There was a kind of ecumenical triumph for the Anglicans in Rome last weekend. For the first time ever, the beautiful service of Choral Evensong was sung in St. Peter’s Basilica.

Anglican Archbishop David Moxon, director of the Anglican center in Rome, presided, the Choir of Merton College, Oxford sang, and English Archbishop Arthur Roche, Vatican Secretary of the Congregation for Divine Worship and the Discipline of the Sacraments, preached.

It was the sort of event both Anglicans and Catholics could not have imagined just sixty years ago. Furthermore, the little triumph of church unity comes just five months after Pope Francis and Archbishop of Canterbury Justin Welby celebrated Vespers together at the Basilica of San Gregorio al Celio in Rome.

In addition, last month Pope Francis observed the 200th anniversary of the foundation of the Anglican church of All Saints in Rome by visiting the church and blessing an icon.

For those who are unfamiliar with the Anglican service of Evensong, it is a version of the monastic offices of Vespers (evening prayer) and Compline (night prayer) adapted by the Reformation Archbishop of Canterbury.

Over the centuries, the Anglicans have maintained the medieval monastic tradition of male voice choirs. Originally the choirs would have been composed of monks and boys from the abbey schools. Now the choirs are based in a few Oxford and Cambridge colleges that had monastic roots, as well as Anglican cathedrals.

Anglicans not only maintained the medieval choral tradition, but they also developed and enriched the tradition with new settings of the psalms and canticles for the evening and night offices. To participate in Choral Evensong in the ancient soaring collegiate chapels and cathedrals of England is one of the long lasting treasures of the Anglican patrimony, and it is one of the great gifts Anglicans can share with Catholics.

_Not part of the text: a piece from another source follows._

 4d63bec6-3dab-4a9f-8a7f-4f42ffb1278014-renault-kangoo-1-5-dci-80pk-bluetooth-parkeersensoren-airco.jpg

Unfortunately, while Anglican voices were raised in praise in the magnificent setting of St. Peter’s in Rome, things continue to be turbulent at home in England.

In January, the Church of England bishops published a long awaited report affirming that marriage can only be between one man and one woman. However, London’s Guardian newspaper reported that “Gay campaigners within the church denounced the report as “cruel” and an “utter failure” that could herald an increase in clerical disobedience over issues around sexuality.”

The disobedience is already widespread. In September The Guardian also reported that the Anglican bishop of Grantham— The Right Rev. Nicholas Chamberlain is the first Church of England bishop to not only admit that he is gay, but that he is in a (celibate) relationship with another man. Meanwhile the Right Rev. Nick Holtham— another senior Anglican bishop— has gone public with his support of same sex marriage.

If the same sex turmoil isn’t enough, the Church of England was rocked last month when their much celebrated tolerance took a hard knock. The Bishop of Burnley, the Right Rev. Philip North, worked as a suffragan (assistant bishop) in the northern diocese of Blackburn. As a traditionalist Anglo-Catholic, Bishop North is opposed to women’s ordination.

However, trying to keep the Anglican boat steady, North was promoted to be the Bishop of Sheffield. The fact that he would not ordain women, and would not recognize the ordination of his fellow bishops who are female, infuriated Anglican liberals and he was subjected to “highly individualized attacks” in the media by senior members of the Church of England.

North’s subsequent withdrawal of his acceptance as Bishop of Sheffield put the final nail in the coffin of the Church of England’s attempts to have both women bishops and bishops who resist the innovation.

Monsignor Andrew Burnham —a former Anglican bishop and one of the leaders of the Ordinariate of Our Lady of Walsingham—thinks the experiment is over and Bishop North should swim the Tiber.

Writing in London’s Catholic Herald, Burnham explained why he left to become Catholic, “I left the Church of England when, in 2008, it became clear what the inexorable trajectory had become. Wherever it leads, it doesn’t lead to orthodoxy, and will always be shipwrecked on the rocks of secular liberalism and cultural Marxism. Secular liberalism rejects the Church’s notion of the complementarity of the sexes – male and female having separate and distinct roles within the economy of salvation – and cultural Marxism would do away entirely with the biblical teaching on marriage and the family.”

Pope Francis’s overtures to Anglicans, and Choral Evensong being celebrated in St Peter’s, are certainly important symbolic gestures, but the ongoing divisions within Anglicanism itself over human sexuality, the sacraments, and doctrine will mean that such overtures must remain not much more than symbolic gestures.